Territoires santé : qu’est-ce que le Tiers-lieu de Kersalic ?
Corinne Antoine-Guillaume : "À l’origine, Kersalic est un établissement territorial créé en 1977. C’était un foyer logement où résidaient 72 personnes. Le bâtiment a été réhabilité en 1996 et a reçu le nom d’EHPAD en 2006. A mon arrivée en 2013 en tant que directrice, Kersalic était un établissement qui présentait une organisation fragile avec des équipes ayant un besoin de formation. En 2013, j’ai souhaité travailler sur un nouveau projet : un lieu où les résident puissent rester le plus longtemps possible autonome, se sentir utile et où les professionnels puissent trouver du sens dans ce qu’ils font. La transformation a vraiment débuté après 2017. Le format village a été adopté au fur et à mesure, notamment en 2020 après la crise COVID. Aujourd’hui, Kersalic est présenté comme un modèle innovant."

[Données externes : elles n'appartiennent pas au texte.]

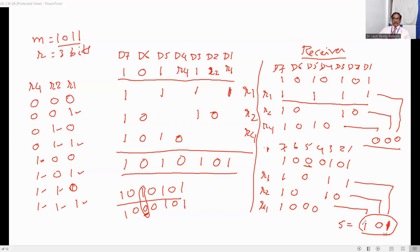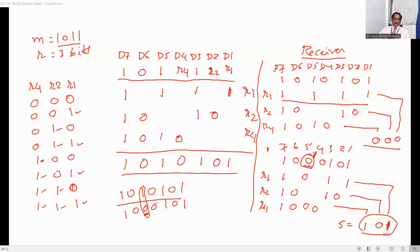Bit number 5 is identified as having the error. We can go directly to bit number 5 — it should not be 0, we should have received 1. But we received 0, so at the receiving side itself, it can be corrected from 0 to 1. This is how error correction can be done at the receiver if a single error is detected. If it is a single error, it can be detected and corrected.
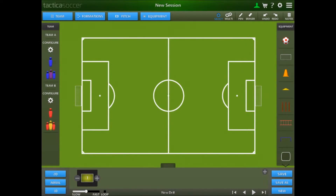You can also add to the library yourself by creating your own drills, plays and sessions and saving them. To use the library, select it from the menu in the top right hand corner of Tactica.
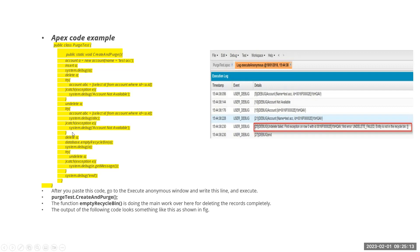After confirming the undelete works, I delete A again — it goes back to the Recycle Bin. Then this is where exactly the key method is used: Database.emptyRecycleBin(a). After calling this, I do system.debug A, which still shows the in-memory instance with name equals 'Test Account', but from the system perspective the record is completely gone — from the database and from the Recycle Bin.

Territoires santé : avez-vous rencontré des freins lors de la création de ce projet ?
C. A-G. : "Bien que ce nouveau mode de fonctionnement serve aujourd’hui de modèle à d’autres EHPAD, il a pu provoquer de la part des familles, résidents, institutions de la défiance et du doute. L’accompagnement proposé par l’ARS Bretagne m’a permis d’avancer et de construire un modèle tant dans l’accompagnement et l’accueil des résidents que dans l’organisation des salariés. La collaboration avec l’ARS est entière actuellement."
Territoires santé : quel est le principe de Kersalic ? En quoi est-il original ou novateur ?
C. A-G. : "L’EHPAD de Kersalic prend la forme d’un village avec toutes ses spécificités. Il y a notamment des rues et des commerces dans le village et chaque espace est pensé pour que les résidents puissent se sentir chez eux. À Kersalic on parle d’habitants plus que de résidents. Ils sont citoyens d’une ville, ils ont donc des droits, des devoirs mais aussi des besoins. C’est pourquoi le village est sectorisé en fonction des soignants et de leurs compétences, ce qui induit une connaissance fine de chaque habitant. Le but est de soigner tout le monde en fonction de sa pathologie parce que l’on se reconnaît dans l’autre."
"Pour les résidents, vivre à Kersalic c’est bien vieillir avec ses envies malgré leur âge avancé et leurs difficultés"
Territoires santé : les différentes maisons qui composent le village sont-elles accessibles au grand public ?
C. A-G. : "Le public et les familles sont les bienvenus dans les lieux communs tels que la brasserie, le restaurant ou encore le cinéma qui sont au cœur du village et dans lesquels les habitants peuvent évoluer librement. Derrière le mot dépendance, on a découvert que l’autonomie de certains résidents était encore là. Nous nous sommes rendu compte que les habitants voulaient rester utiles et avoir une place importante dans la société. Les familles peuvent venir voir leurs proches à n’importe quelle heure et sans rendez-vous."
Territoires santé : combien de personnes « habitent » à Kersalic et y travaillent ?
C. A-G. : "Kersalic accueille 72 habitants et 54 professionnels y travaillent avec comme principe de la polyvalence. C’est une façon de rompre avec la routine. Tout le monde est soignant avec des compétences différentes mais tout le monde œuvre pour l’accompagnement des personnes âgées."
Territoires santé : comment avez-vous accompagné les professionnels dans ce changement ?
C. A-G. : "Une réflexion entière à propos de ce qu’est le métier de soignant auprès des personnes âgées a été rendue possible grâce à une formation. L’objectif : avoir une vision plus claire de l’espace et de la façon dont on travaille tout en apprenant à mettre des mots sur l’offre de soin. Il ne faut pas oublier que nous sommes chez l’habitant et non pas chez nous, il a le droit de dire oui et il a le droit de dire non."
Territoires santé : avez-vous des retours de la part des résidents et des familles de ce qu’apporte ce mode de fonctionnement ?
C. A-G. : "Actuellement, toutes les chambres sont occupées à l’EHPAD et il y a plus de 250 demandes par an pour l’accueil de nouveaux résidents au village de Kersalic. Les résidents ont toute leur place dans la société, ils se sentent encore utiles et participent à des activités quotidiennes telle que la préparation des repas. Le modèle plait. Pour les résidents, vivre à Kersalic c’est bien vieillir avec ses envies malgré leur âge avancé et leurs difficultés. « Vivre tout simplement »".